[Brief descriptive captions]
━━━━━━

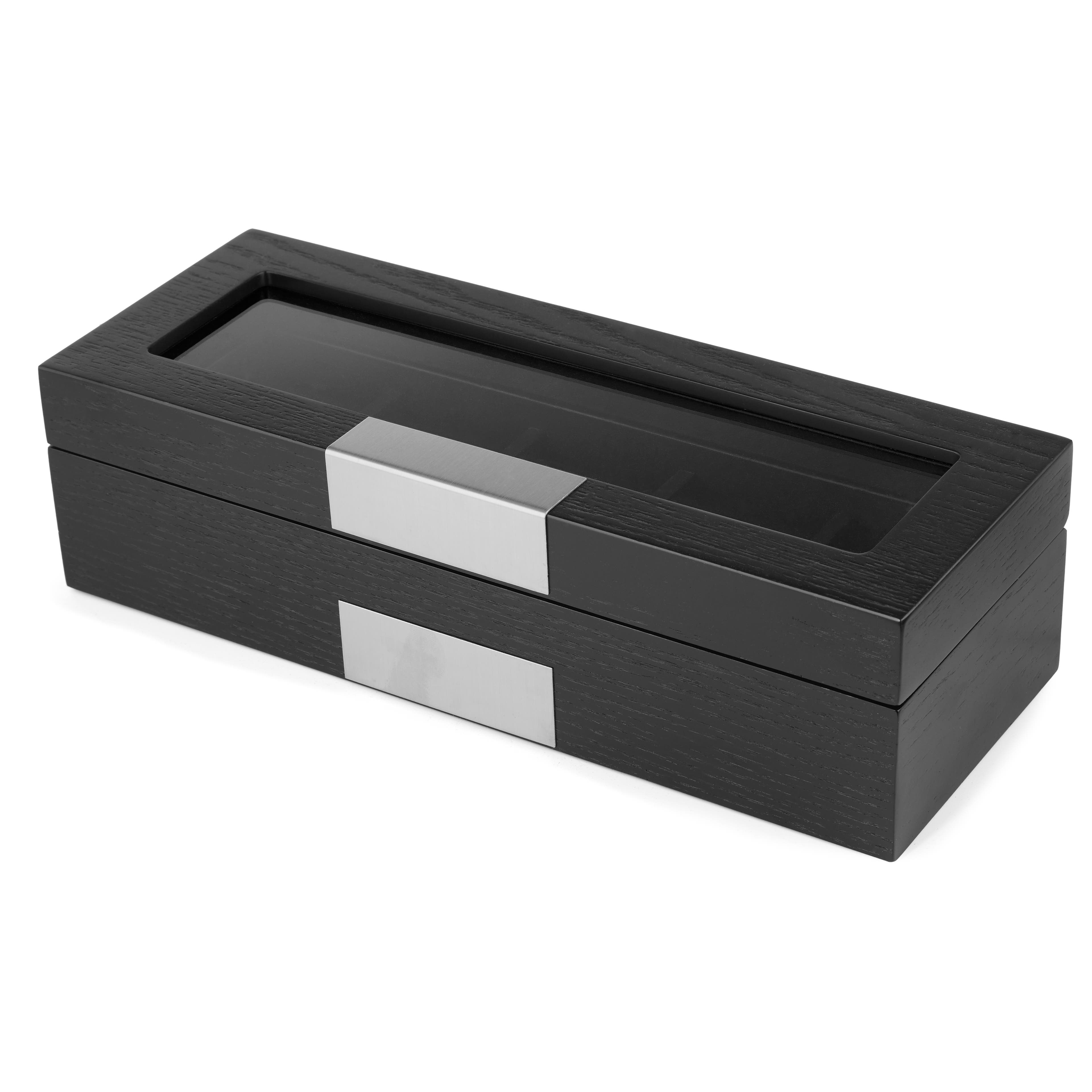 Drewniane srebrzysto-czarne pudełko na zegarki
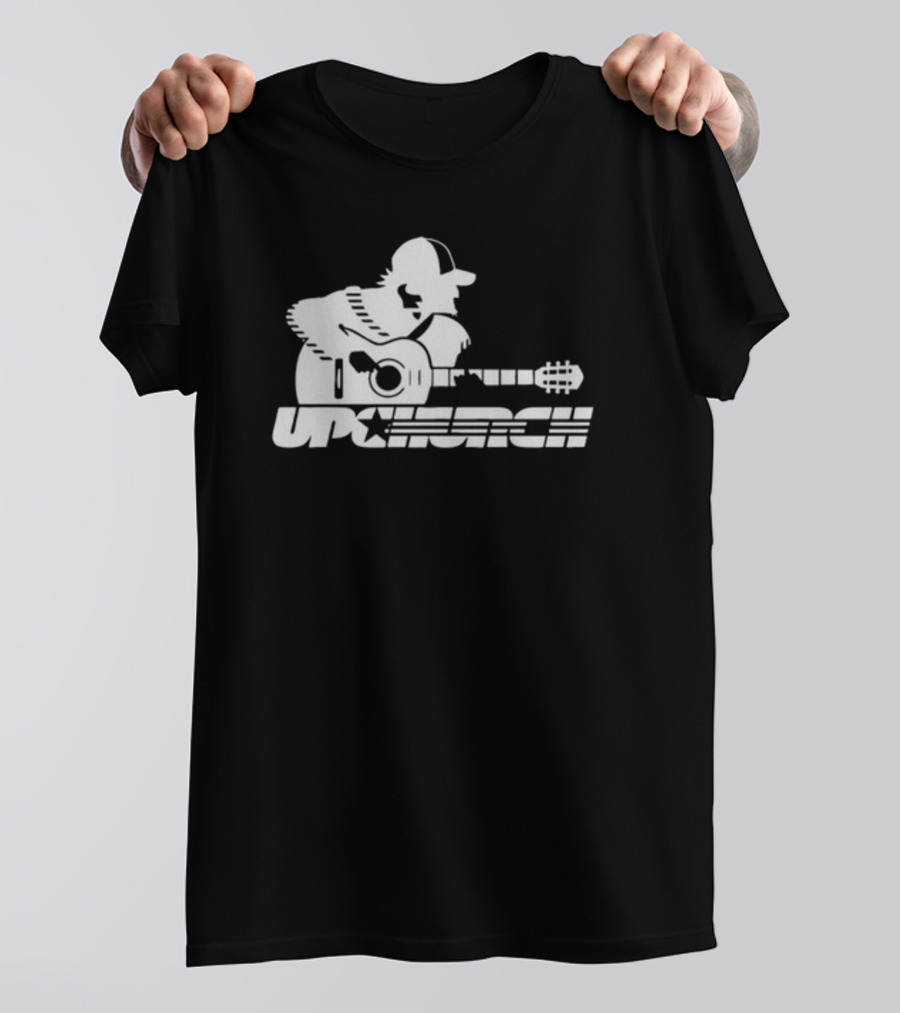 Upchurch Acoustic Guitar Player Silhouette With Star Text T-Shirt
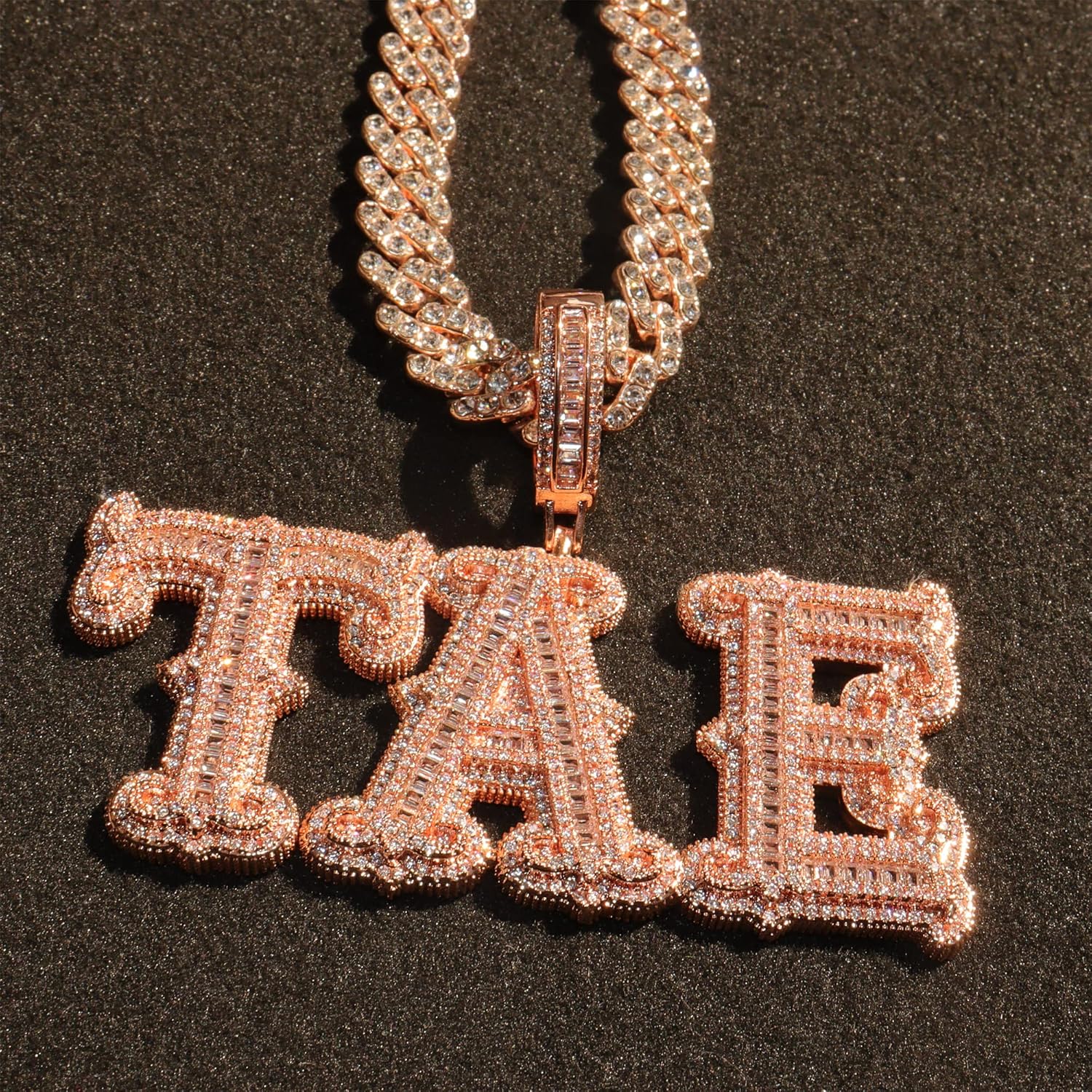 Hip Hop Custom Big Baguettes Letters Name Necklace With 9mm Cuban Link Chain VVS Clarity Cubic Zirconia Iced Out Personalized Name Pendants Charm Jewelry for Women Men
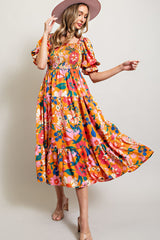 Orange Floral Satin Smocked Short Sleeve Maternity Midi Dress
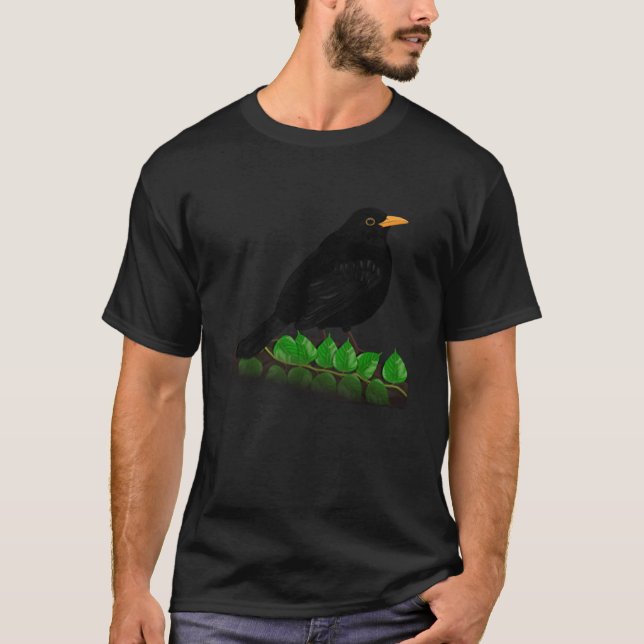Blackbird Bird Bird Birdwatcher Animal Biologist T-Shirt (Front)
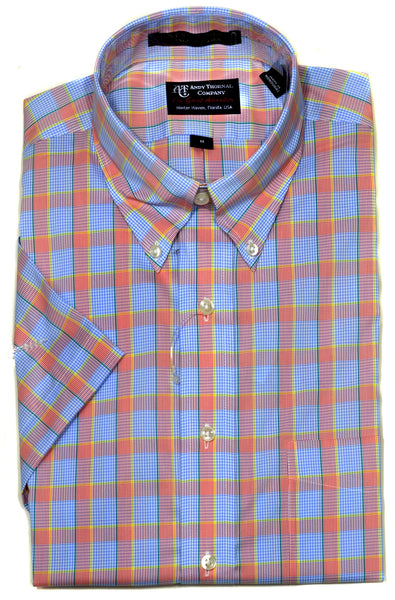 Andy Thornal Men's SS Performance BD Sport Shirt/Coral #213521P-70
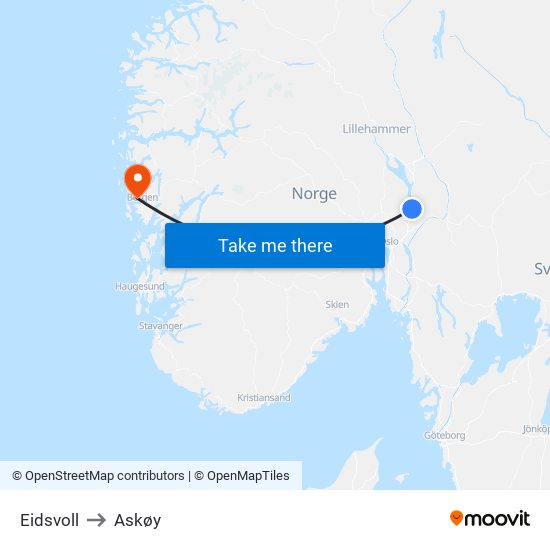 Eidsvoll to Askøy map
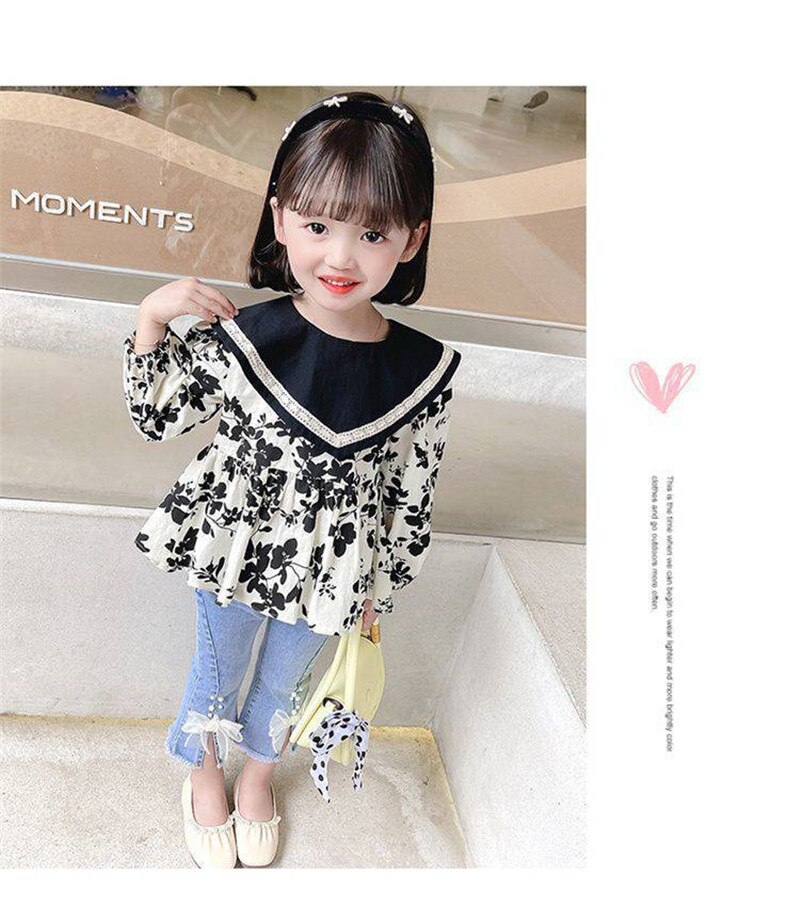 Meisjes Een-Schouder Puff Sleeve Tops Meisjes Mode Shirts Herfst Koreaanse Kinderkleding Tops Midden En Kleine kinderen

━━━━━━

- [EXERCISE PROMPT]: Please make an exact copy of the records, leaving out any picture.

- [RESPONSE TO THIS EXERCISE]:
 Drewniane srebrzysto-czarne pudełko na zegarki
 Upchurch Acoustic Guitar Player Silhouette With Star Text T-Shirt
 Hip Hop Custom Big Baguettes Letters Name Necklace With 9mm Cuban Link Chain VVS Clarity Cubic Zirconia Iced Out Personalized Name Pendants Charm Jewelry for Women Men
 Orange Floral Satin Smocked Short Sleeve Maternity Midi Dress
Blackbird Bird Bird Birdwatcher Animal Biologist T-Shirt (Front)
 Andy Thornal Men's SS Performance BD Sport Shirt/Coral #213521P-70
 Eidsvoll to Askøy map
 Meisjes Een-Schouder Puff Sleeve Tops Meisjes Mode Shirts Herfst Koreaanse Kinderkleding Tops Midden En Kleine kinderen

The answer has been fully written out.